Robin Williams died today.
It’s sad. I feel bad for his family; I feel bad for his friends; I feel bad for the people in his life.
And I’m jealous.
He is done. He did it. The one thing that comes with real finality.
Robin Williams killed himself today.
Since the age of twelve, I have thought about suicide every day. Some days, it’s a loud voice screaming in my head, and other days it’s a whisper almost out of earshot. But it is always there.
Almost like having a little devil sitting on my shoulder, just sitting there. He doesn’t even have to say anything, because I know what he wants, and no matter how hard I tune him out, he continues to sit there, staring at me with his evil little smile.
At this point, I assume that you assume one of two things. Either, I am lying and being melodramatic, or I am not, and you are freaked out that this is the goodbye post of someone you may pretend to once have heard about.
It is neither.
What should freak you out is that I am not alone.
Robin fucking Williams had a little devil on his shoulder.
What should freak you out is that there is a high likelihood that you have your own little devil.

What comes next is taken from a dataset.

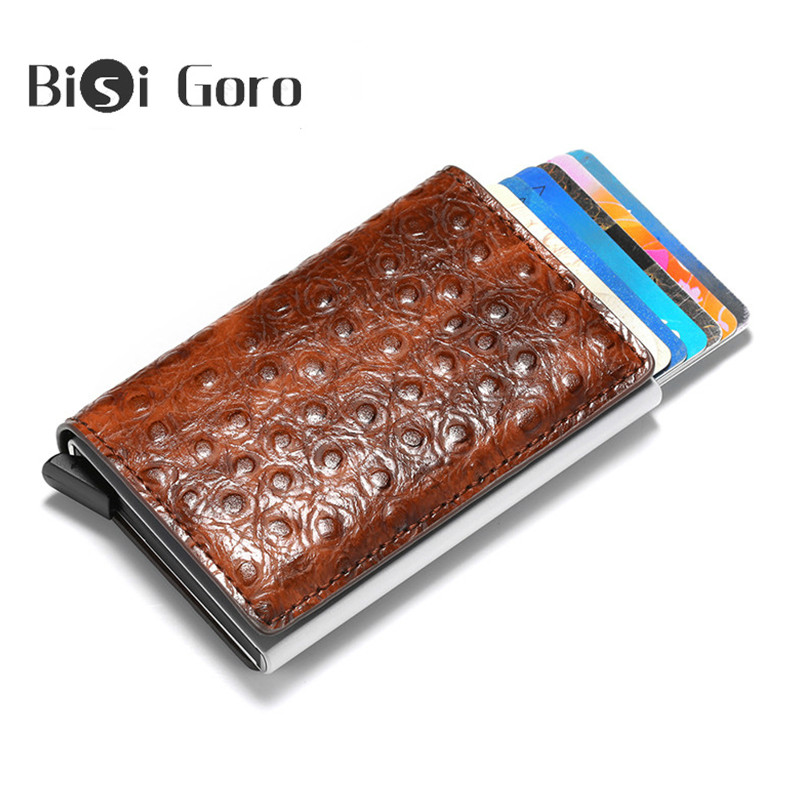 

BISI GORO 2020 Casual Protector Smart Wallet Metal Aluminum Box Slim Card Holder Men and Women Unisex ID Holder Card Case, Blue zf004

He might not be as loud; or he might not be around all the time, but he is there. And you know it.
I am not alone. You are not alone.
I once planned my suicide. The whole thing. How I was going to do it. When I was going to do it. Why I was going to do it.
I sat in my house in Denver, plotting, and my dogs walked into the living room and sat down beside me. That’s it. Nothing more.
It saved me. I don’t know why. It just did. It gave me the strength to tell my little devil to shut the fuck up.
(Ever wonder why I am slightly obsessed with my pets? Now you know.)
Robin Williams died today, and as it always does, my first reaction was jealousy.
He took the easy way out. It didn’t seem to be that hard.
I spend several hours every week talking to founders about the difficulties of the startup life, and how to ensure that happiness gets inserted into our lives. I do live by my words, and each day I spend most of it happy, and that happiness reminds me of why I shouldn’t listen to that little devil.
But that fucking little devil just won’t shut up.
I feel confident that I will never take my own life, and I’ve dedicated myself to making sure that anyone that needs help can get help.
But Robin Williams died today, and it seems so easy.